The economic downturn and job cuts have put an end to industry hand-wringing about a skills shortage

Two years ago, the UK plant hire industry was facing a crisis. Growth was being hampered by a shortage of skilled workers and employers were struggling to attract school-leavers.

Now we have a different crisis. Workloads have fallen, construction projects are being postponed or cancelled and the plant hire fraternity has an inventory of equipment and a staff of operators, fitters and service engineers with nothing to do.

In April 2006 I spoke to three plant hire companies – Kent-based earthmoving specialist HE Services, crane hirer Marsh Plant, and leading hirer of nonoperated equipment, A-Plant.

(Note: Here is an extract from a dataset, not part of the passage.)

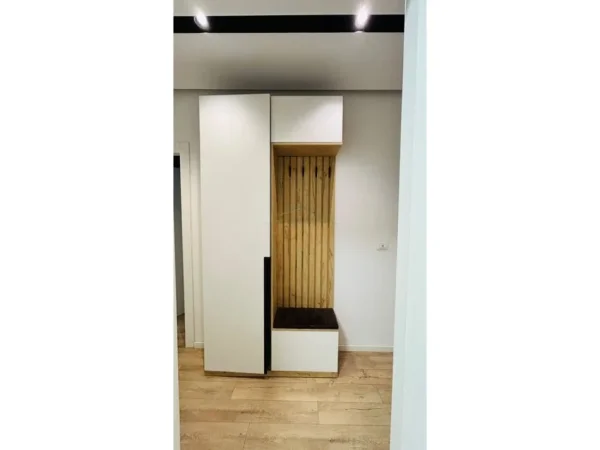 Tirane, shitet apartament 1+1 Kati 4, 73 m² 199.000 € (Foleja e Gjelber , Ring Center)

All three lamented the shortage of people willing to work in the industry. The workplace has not changed, and neither has the
training requirement. But the industry’s circumstances have, says Hugh Edeleanu, chairman of HE Services.

“There’s been a tremendous change in the past two years,” he says. “People are being laid off and we’re getting calls about
vacancies all the time.”

Hit early

Even before the construction industry recession became official, plant hire firms were feeling the pinch. Most have had to make changes, often by reducing staffing levels. Several have ceased trading and their employees are looking for work. So is there a glut in the labour market now?

“In office staff there is,” says Mr Edeleanu. “House builders, contractors, estate agent and banks have all been hit hard.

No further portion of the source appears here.